Approach 1: Recursion

This approach uses a recursive function to traverse the tree. The core logic is:

1. Base Case: If the current node (root) is null, the sum is 0.

2. Recursive Step:

   • Recursively calculate the sum of left leaves in the right subtree.
   • Check if the current node has a left child.
   • If it has a left child, check if that left child is a leaf node (both left.left and left.right are null).
   • If it's a leaf, add its value to the sum.
   • If it's not a leaf, recursively calculate the sum of left leaves in the left subtree and add it to the total.

3. Return the Sum: The function returns the accumulated sum.

Time Complexity: O(N), where N is the number of nodes in the tree. Each node is visited once.

Space Complexity: O(H), where H is the height of the tree. This is due to the recursive call stack. In the worst case (a skewed tree), H can be equal to N.

Approach 2: Iteration using Stack

This approach achieves the same result iteratively using a stack.

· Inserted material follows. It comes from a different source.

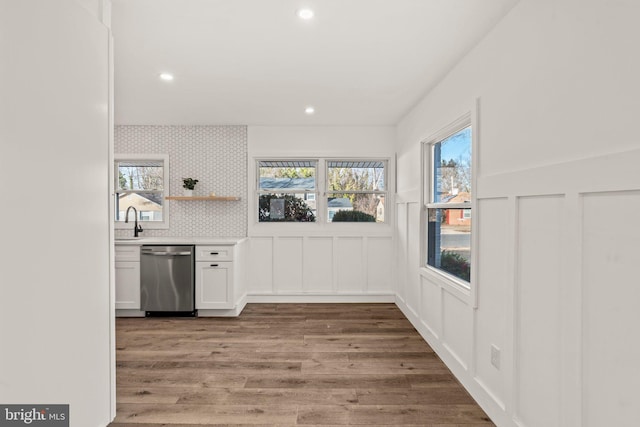 kitchen featuring open shelves, light countertops, white cabinets, wood finished floors, and dishwasher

The steps are:

1. Initialization: Initialize the sum (ans) to 0 and create a stack containing the root node.

2. Iteration: While the stack is not empty:

   • Pop a node from the stack.
   • Check if it has a left child. If it does:
     • If the left child is a leaf, add its value to ans.
     • Otherwise, push the left child onto the stack.
   • If the node has a right child, push it onto the stack.

3. Return the Sum: Return the final sum.

Time Complexity: O(N). Each node is visited once.

Space Complexity: O(W), where W is the maximum width of the tree. This is the space used by the stack. In the worst case (a full binary tree), W can be proportional to N. In a skewed tree, W is at most the height of the tree.

Code Examples (Python)

Approach 1 (Recursive):

class TreeNode:
    def __init__(self, val=0, left=None, right=None):
        self.val = val
        self.left = left
        self.right = right
 
class Solution:
    def sumOfLeftLeaves(self, root: TreeNode) -> int:
        if not root:
            return 0
        ans = self.sumOfLeftLeaves(root.right)
        if root.left:
            if not root.left.left and not root.left.right:
                ans += root.left.val
            else:
                ans += self.sumOfLeftLeaves(root.left)
        return ans
 

Approach 2 (Iterative with Stack):

class Solution:
    def sumOfLeftLeaves(self, root: TreeNode) -> int:
        if not root:
            return 0
        ans = 0
        stack = [root]
        while stack:
            node = stack.pop()
            if node.left:
                if not node.left.left and not node.left.right:
                    ans += node.left.val
                else:
                    stack.append(node.left)
            if node.right:
                stack.append(node.right)
        return ans

The code in other languages (Java, C++, Go, TypeScript, Rust, C) follows similar logic to these Python examples, adapting syntax and data structures as needed for each language. The core algorithmic approach remains consistent.